# Genuine Map of CPEC



## Saifullah Sani

CPEC is not a road project. It is a framework with energy, infrastructure, port, and industry projects. Gawadar will be connected to Khunjrab through multiple routes as port will serve different markets and destinations. Route # 1 Gawadar- Quetta- Zhob- DIKhan- Islamabad to Khunjrab, Route # 2 Gawadar-Sukkur- Indus Highway to Khunjrab, Route # 3 Gawadar-Sukkur- Karachi Peshawar Motorway to Khunjrab. Work on Route #1 started by FWO last year to complete 650kms missing link between Gawadar- Sorab. Route #1 will be first to be operational by Dec, 2016 IA.

Reactions: Like Like:
1


----------



## Muhammad Omar

looks almost same

Reactions: Like Like:
1


----------



## Hyde

sharing one more map, same sketch with better detail.

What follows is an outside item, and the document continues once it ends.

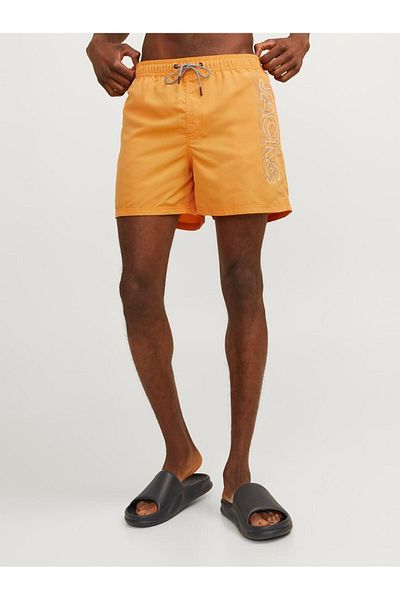 Jack & Jones Ανδρικό κίτρινο μαγιό - Jpstfıjı Jjswım Διπλό λογότυπο, Sn Ly - 12253118 -22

So it's like UK where we have M11, A1(M), M1 and M40 doing similar purpose. If you want to go to North (You can take M11, A1(M) or M1 and you will be heading towards the major cities of Leicester, Nottingham, Leeds etc. Even M40 is fine depending on the city you are travelling to

By that logic all I am saying is, if you want to go to Kashgar via Lahore, take route A, if you want to go to Kasghar via Karachi, take route B and if you want to go to Kashgar via Quetta take the route C or D. It's as simple as that. It's the ultimate infrastructure of highways/expressways/motorways in Pakistan, its going to serve very similar purpose to that of UK in my opinion since both countries are geographically longer






-----

Motorway map of UK (just see M11, A1 & A1(M), M1 and M40 coming out of the circle (Greater London/M25) and after connecting most of the major cities in UK, it sometimes merges together or come close to each other and then make the way for connecting other major cities so its a very good idea of having multiple motorways and availability of alternative routes


----------



## Reverse Thinker

how is the idea if in center of cpec road solar penals to be installed especially in the areas of south punjab and balochistan where the tempreture remains more hot in this way electricity to be use for lighting of cpec and also can supply local grid and it will be also safe becuse govt is going to put petroling force to protect this cpec road through out the country

Reactions: Like Like:
1


----------